----- PROVIDED DATA

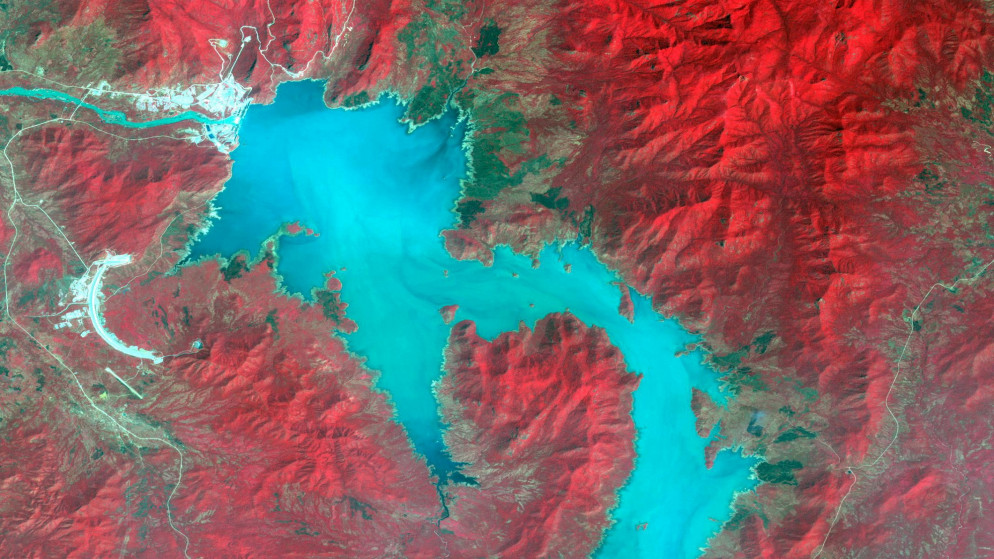 صورة تظهر نهر النيل الأزرق بالقرب من سد النهضة الإثيوبي. (رويترز)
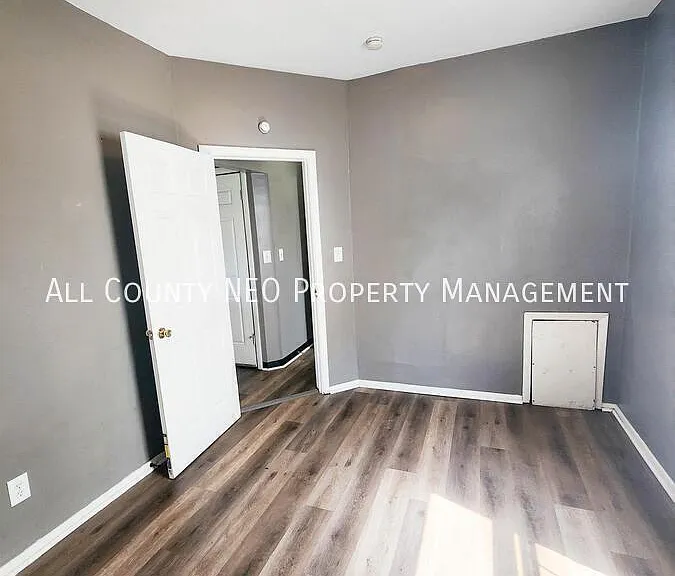 13305 Durkee Ave #DOWN — Photo 11
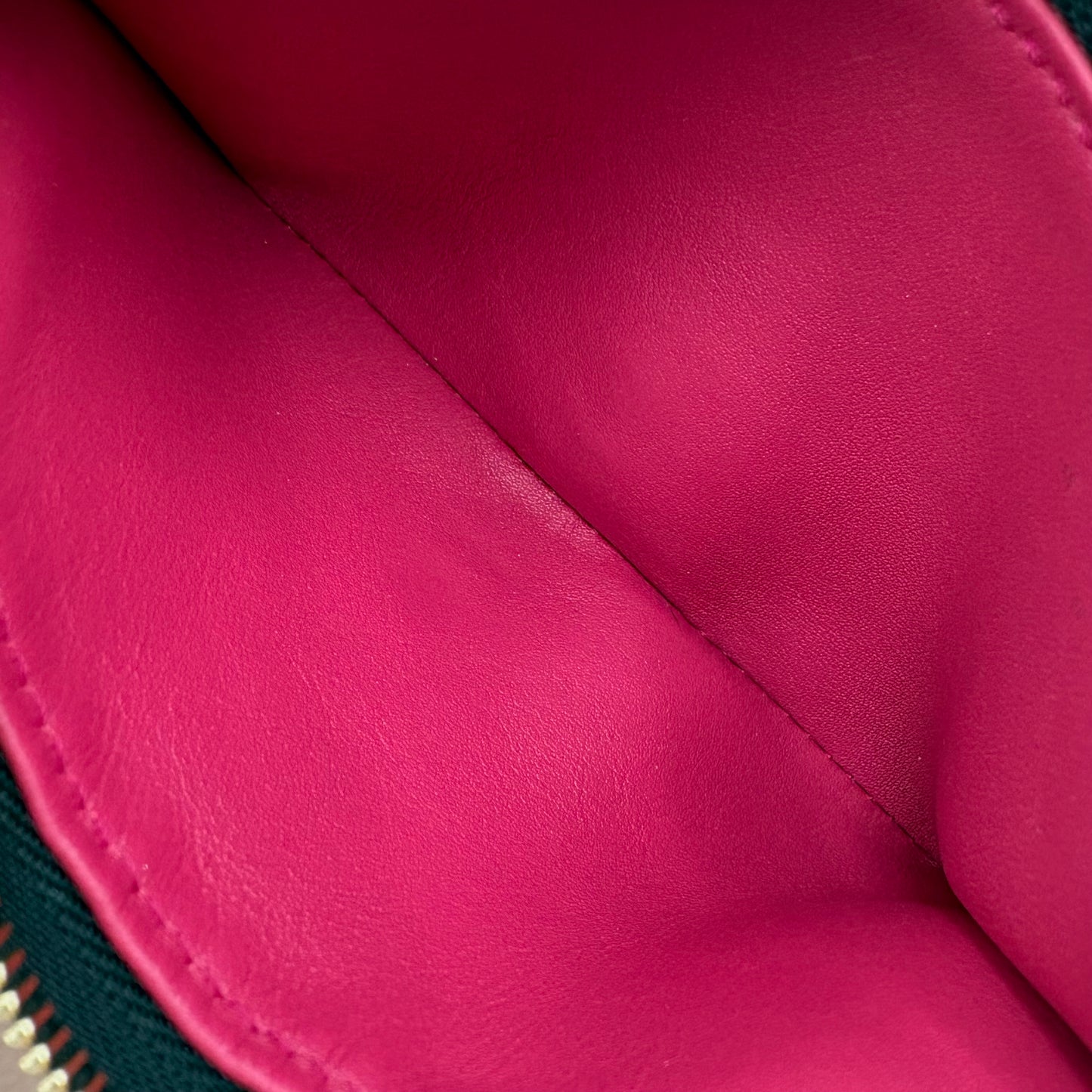 Louis Vuitton Capucines Compact Wallet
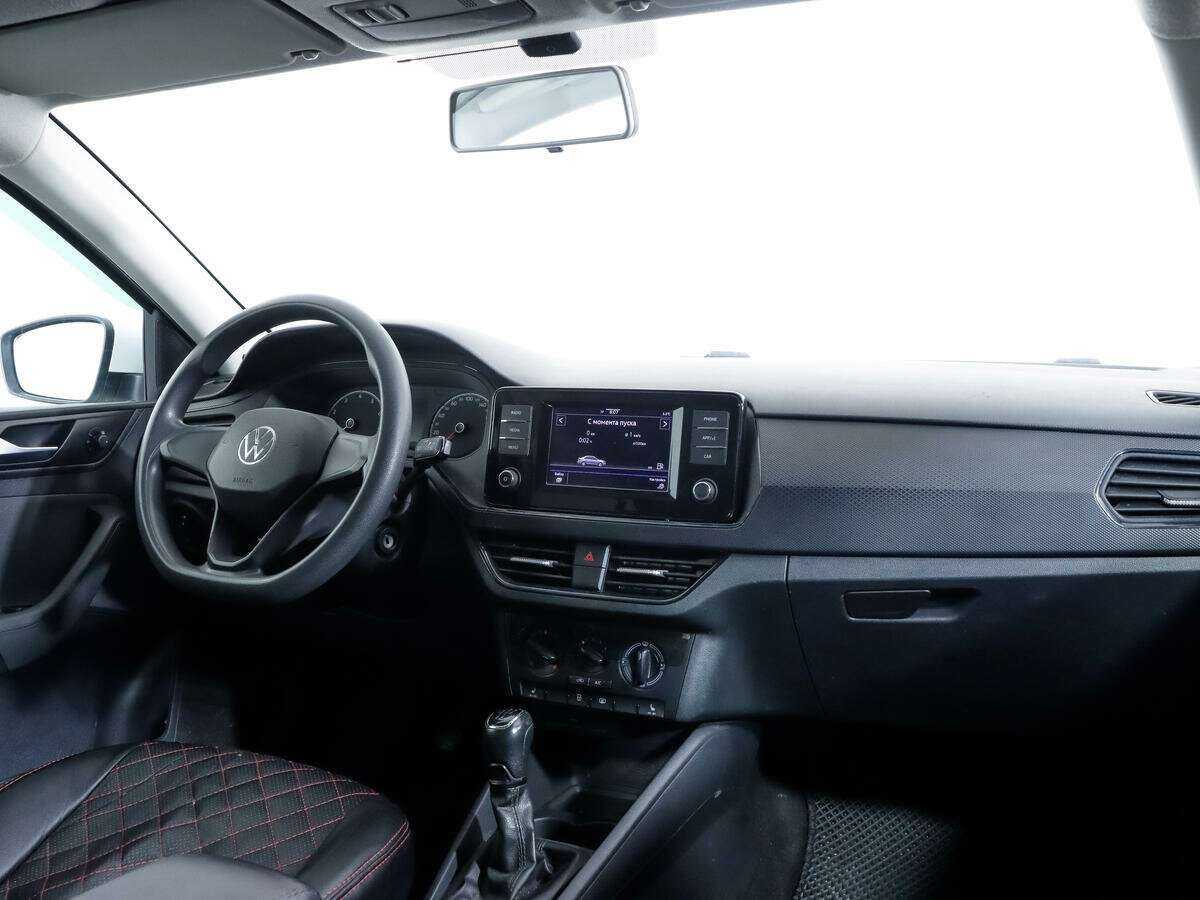 Купить Volkswagen Polo с пробегом. Фото: #8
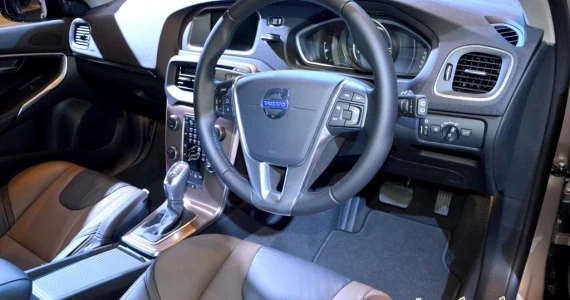 รูปภาพ วอลโว่ Volvo V40 D4 Cross Country ปี 2016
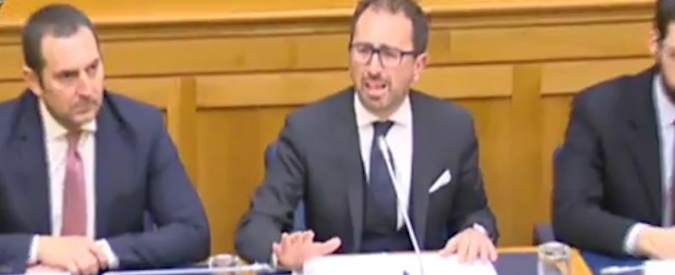 Copertina di Femminicidio, Bonafede: ‘Motivazioni di certe sentenze creano messaggio sbagliato. Nessuno spazio a delitto d’onore’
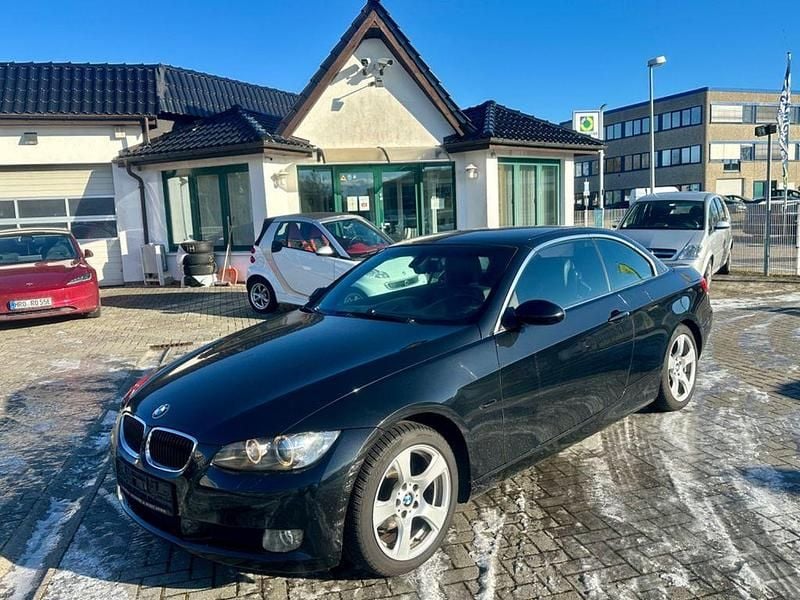 Gebraucht BMW 320 Cabriolet 170 PS (125 kW) 2008 Schwarz Cabrio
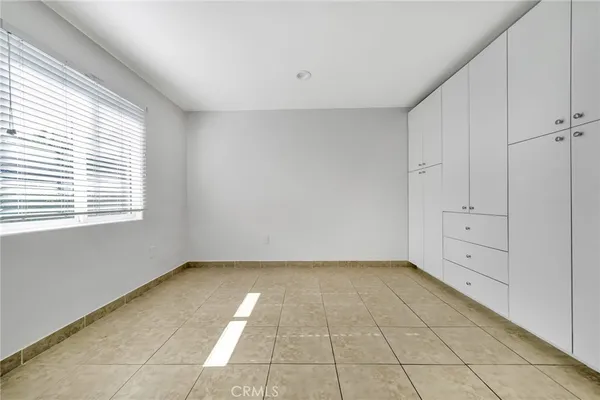 $2,200 | 14235 Sylvan Street, Van Nuys, CA 91401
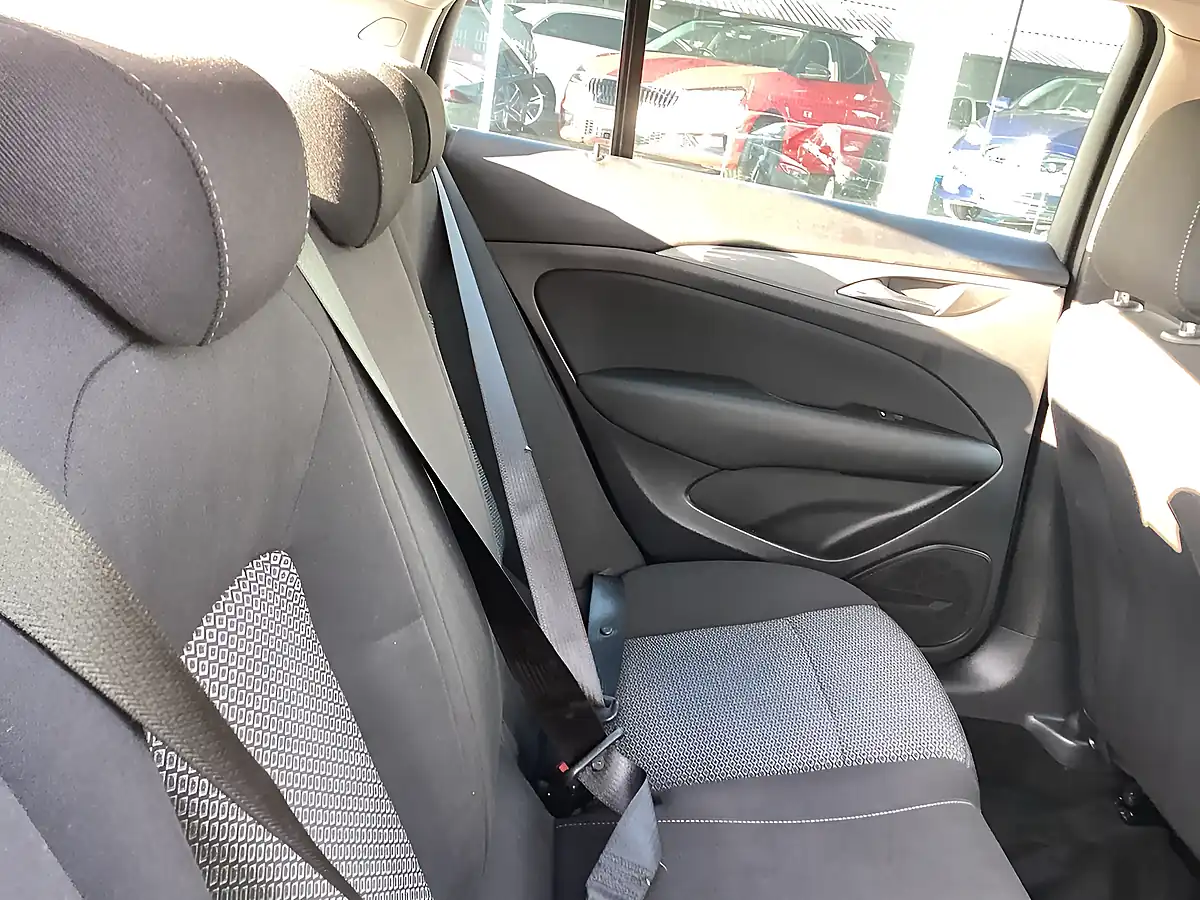 Used 2017 Vauxhall Insignia Design Grey - Interior and Exterior details 15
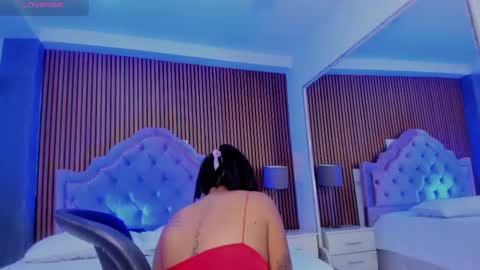 selenastonne online show from October 2025 07:45:01 PM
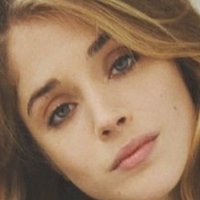 Alice Isaaz Nackt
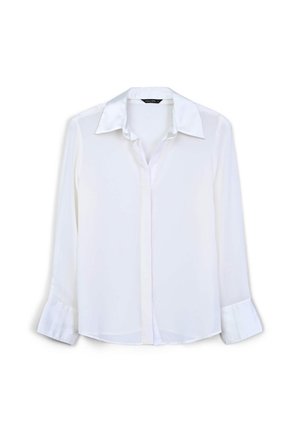 Weiße Bluse mit langen Ärmeln aus glattem Stoff. Sie hat einen klassischen Kragen und eine durchgehende Knopfleiste mit breiten Manschetten, ist leicht und leicht durchsichtig.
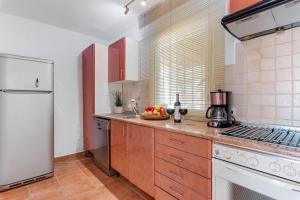 Kuchnia lub aneks kuchenny w obiekcie Villa Salada - PlusHolidays
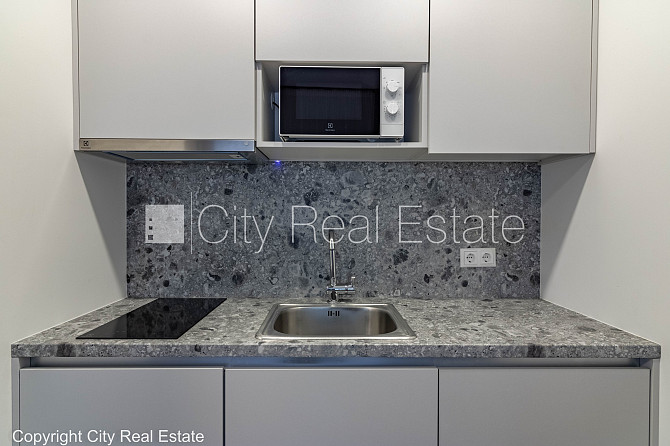 Pagalma māja, renovēta māja, slēgta teritorija, ir lifts, kāpņu telpa pēc kapitālā Rīga - foto 6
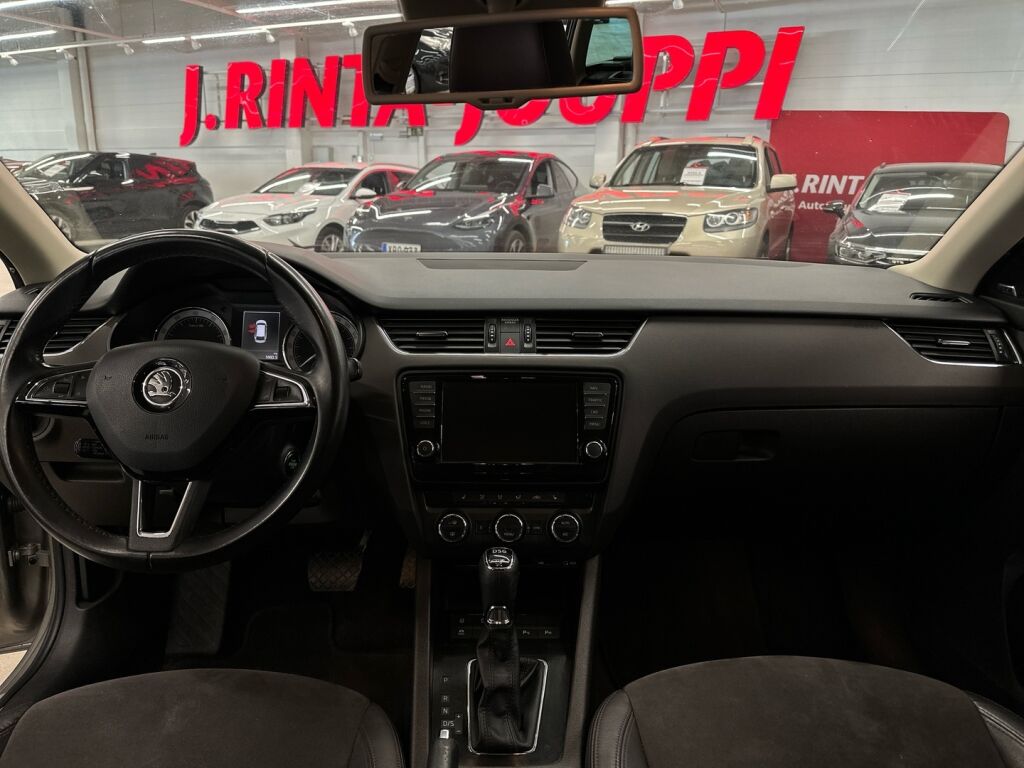 Skoda Octavia 2016 Ruskea (beige)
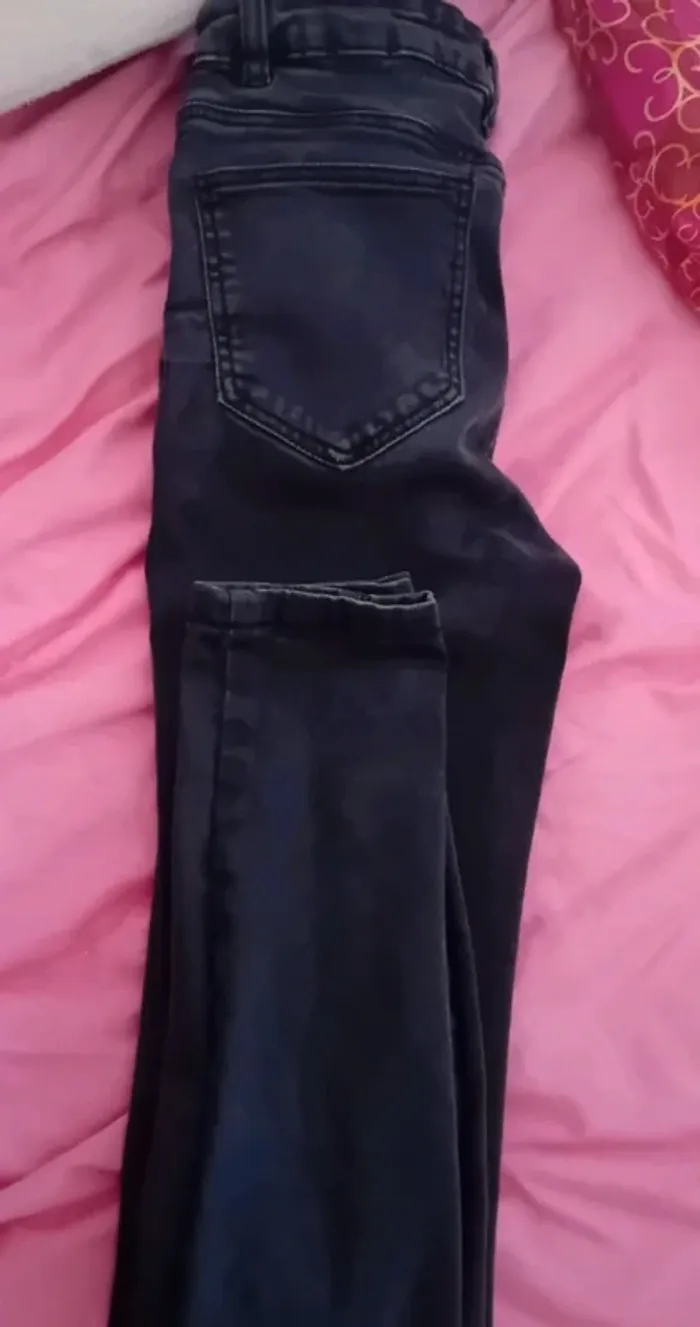 Très joli jean skinny noir Jennyfer en parfait état taille 32 ado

----------

### EXERCISE REQUIREMENTS
Give the lines again exactly, starting where the entries begin and stopping once the line with "Kuchnia lub aneks" is included; pictures are not copied.

### EXERCISE RESULT
 صورة تظهر نهر النيل الأزرق بالقرب من سد النهضة الإثيوبي. (رويترز)
 13305 Durkee Ave #DOWN — Photo 11
 Louis Vuitton Capucines Compact Wallet
 Купить Volkswagen Polo с пробегом. Фото: #8
 รูปภาพ วอลโว่ Volvo V40 D4 Cross Country ปี 2016
 Copertina di Femminicidio, Bonafede: ‘Motivazioni di certe sentenze creano messaggio sbagliato. Nessuno spazio a delitto d’onore’
 Gebraucht BMW 320 Cabriolet 170 PS (125 kW) 2008 Schwarz Cabrio
 $2,200 | 14235 Sylvan Street, Van Nuys, CA 91401
 Used 2017 Vauxhall Insignia Design Grey - Interior and Exterior details 15
 selenastonne online show from October 2025 07:45:01 PM
 Alice Isaaz Nackt
 Weiße Bluse mit langen Ärmeln aus glattem Stoff. Sie hat einen klassischen Kragen und eine durchgehende Knopfleiste mit breiten Manschetten, ist leicht und leicht durchsichtig.
 Kuchnia lub aneks kuchenny w obiekcie Villa Salada - PlusHolidays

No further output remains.